Nadia Dresti, the head of Locarno's industry office, noted that the U.S. presence extended beyond films and filmmakers. "Locarno, with its long history, has always welcomed filmmakers, producers and actors from the U.S.," she said. "Of course, the turnout depends on the program." Distributors attending the festival this year hail from the likes of IFC Films, New Yorker Films, and Zeitgeist Films. There are also programmers from AFI Fest, Northwest Film Forum and the Museum of the Moving Image scheduled to attend.
Still, if filmmakers really want North America to notice their work, there are other festivals they must attend. Fortunately, a number of Locarno's titles make their way to the Toronto International Film Festival in September, sometimes riding the waves of Locarno buzz. ""Locarno gave us good word of mouth heading into Toronto, so the combination of the two worked out well for us," explained Julia Loktev, who premiered "The Loneliest Planet" at Locarno last year ahead of TIFF, in an email to Indiewire. "Locarno was also was good in terms of getting it to a global audience," she said. "For example, I'm at the Durban Film Festival now in South Africa, and the director just happened to mention that he first saw the film at Locarno."

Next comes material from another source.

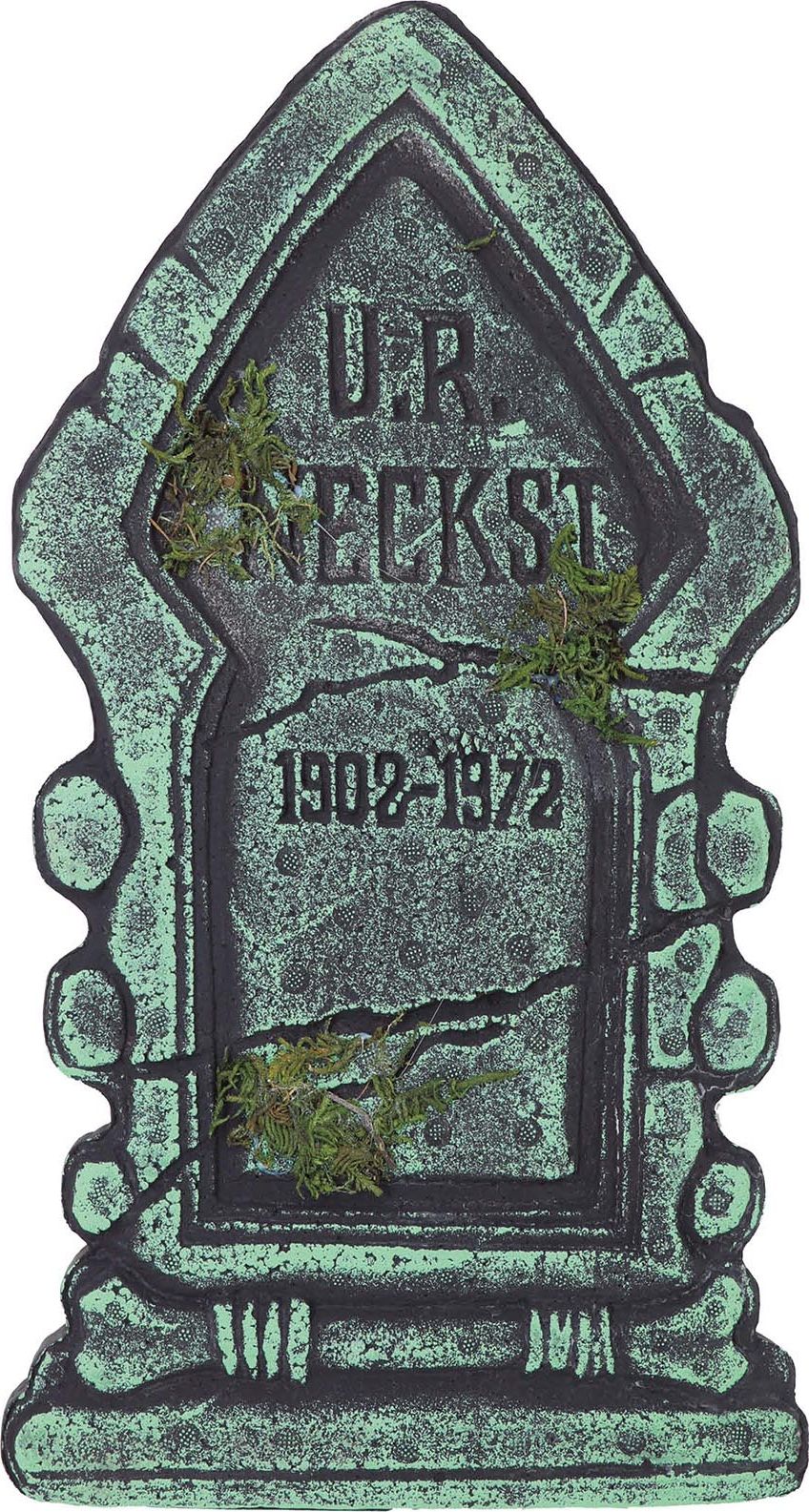 Griezelige Nep Grafsteen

It remains to be seen whether this year's American filmmakers come away from the festival striking a similarly enthusiastic tone. But if the festival's most devoted group of regulars is to be believed, there are reasons for optimism. "Locarno provided me with an unfathomably large platform from which to present a very small movie," said Perry. "Americans should wake up and realize that in terms of discovering new talent and exciting new films, Locarno should be a higher priority than Cannes or Venice."